According to Wikipedia the Levenshtein distance can be calculated using a following piece of pseudocode.
int LevenshteinDistance(string s, string t)
{
int len_s = length(s), len_t = length(t), cost = 0;
if (s[0] != t[0])
cost = 1;
if (len_s == 0)
return len_t;
else if (len_t == 0)
return len_s;
else
return minimum(
LevenshteinDistance(s[1..len_s], t) + 1,
LevenshteinDistance(s, t[1..len_t]) + 1,
LevenshteinDistance(s[1..len_s], t[1..len_t]) + cost);
}
If I understand your requirement correctly you want differences at the beginning of the collection to be more significant than differences towards the end.
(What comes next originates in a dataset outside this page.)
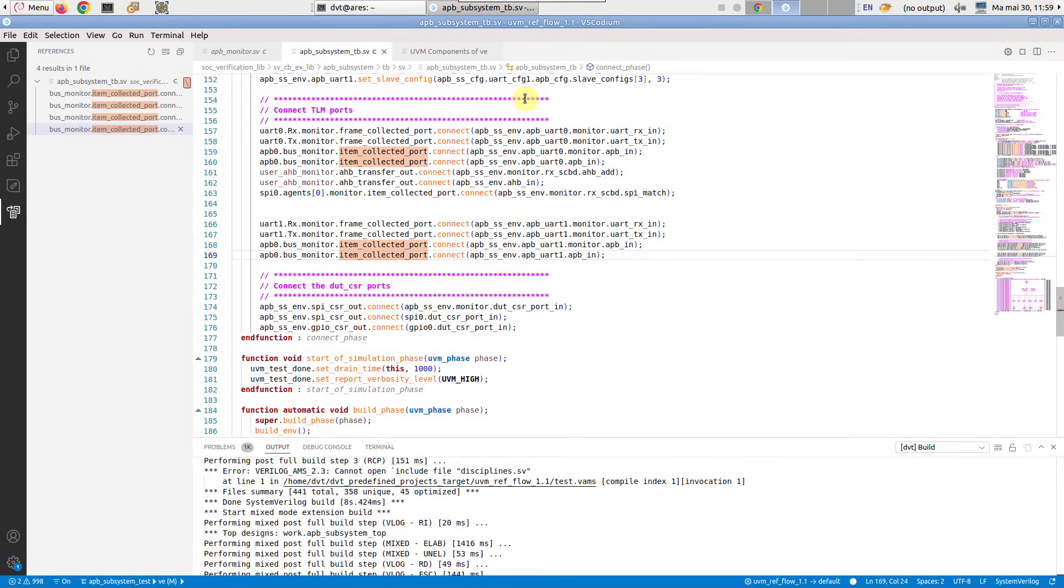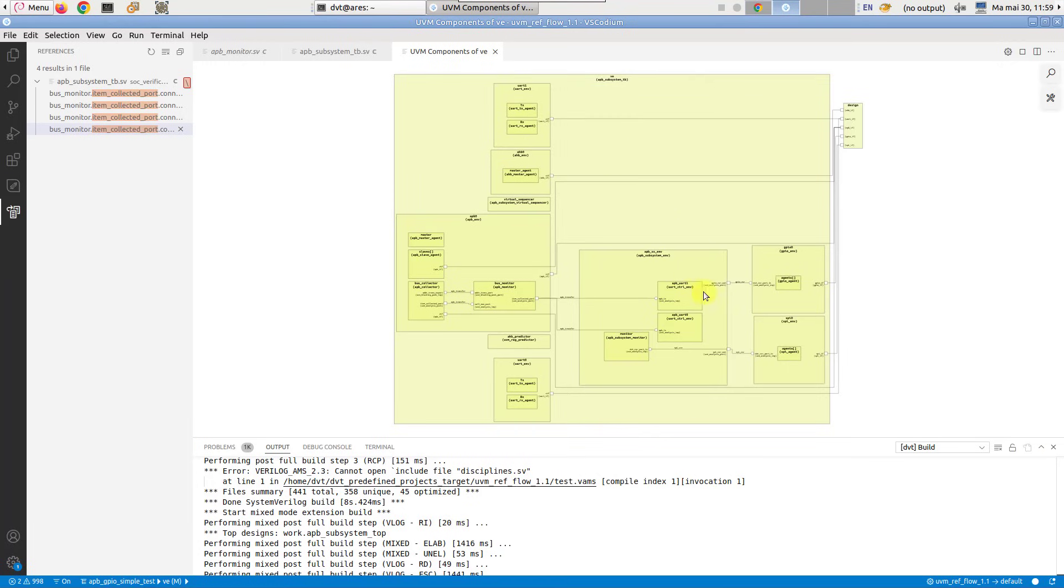Tracing TLM port connections can also be achieved in a visual manner using the UVM components diagram.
Let's adapt this recursive function to reflect this demand.
float LevenshteinDistance(string s, string t, float decay)
{
int len_s = length(s), len_t = length(t), cost = 0;
if (s[0] != t[0])
cost = 1;
if (len_s == 0)
return len_t;
else if (len_t == 0)
return len_s;
else
return decay * minimum(
LevenshteinDistance(s[1..len_s], t, decay) + 1,
LevenshteinDistance(s, t[1..len_t], decay) + 1,
LevenshteinDistance(s[1..len_s], t[1..len_t], decay) + cost);
}
When decay
is a parameter belonging to the interval (0,1) differences on larger indices become less significant than differences on previous ones.
Here's an example for decay=0.9
.
s t dist
"1234" "1234" 0.0000
"1234" "1243" 1.3851
"1234" "2134" 1.6290